Winslet thinks the film is stronger for it. “There is no historical information about Mary Anning’s personal, private world – she never married – so we had a bit of freedom in terms of inventing our version.

“I love that Francis chose to pair her with a woman,” she continues. “Because she was living in a world that was dominated by the patriarchy, it wouldn’t have felt right to have her in a relationship with a man.”

Winslet had researched letters that close female friends had written to each other in the mid-19th century, some of which tipped over into sexual relationships. “I read a lot of letters from women at that time – these women were in marriages but it was not uncommon for women to form these deep friendships, their bonds were tight.”

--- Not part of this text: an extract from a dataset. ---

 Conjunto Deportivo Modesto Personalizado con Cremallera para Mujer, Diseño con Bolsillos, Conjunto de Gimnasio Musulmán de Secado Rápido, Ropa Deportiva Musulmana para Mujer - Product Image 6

Back in 2019 when Ammonite was shooting, hiring an “intimacy co‑ordinator” was not yet standard practice. The sex scenes were something Winslet, Ronan and Lee talked about and choreographed together. “It was important to us not to shy away from the real sexual, visceral emotional connection between those two characters,” says Winslet. “That is so layered throughout the film, and it really does build to that moment of physical connection.”

It marked the first time the two actresses have worked together. “I’ve admired her forever,” says Winslet of Ronan. The pair had different approaches, explains Winslet: “Saoirse is an incredibly gifted actor. There is a lot that comes naturally to her, where I have never trusted myself to allow things to just come to me on the day. I do a lot of preparation. I’m quite organised. I label things and I have a sticker system, and Saoirse would find that hilariously funny.”

Winslet — who will next be seen in HBO miniseries Mare Of Easttown, playing a detective in a small Pennsylvania town investigating a murder, and has shot James Cameron’s Avatar 2 — hopes audiences do not pigeonhole Ammonite as an LGBTQ story. “I hope they just see a story that is about two people who fall in love, and they discover more about themselves than they do about each other,” she says. “Who we choose to love can end up defining who we are, and that’s a good rallying cry for 2021.”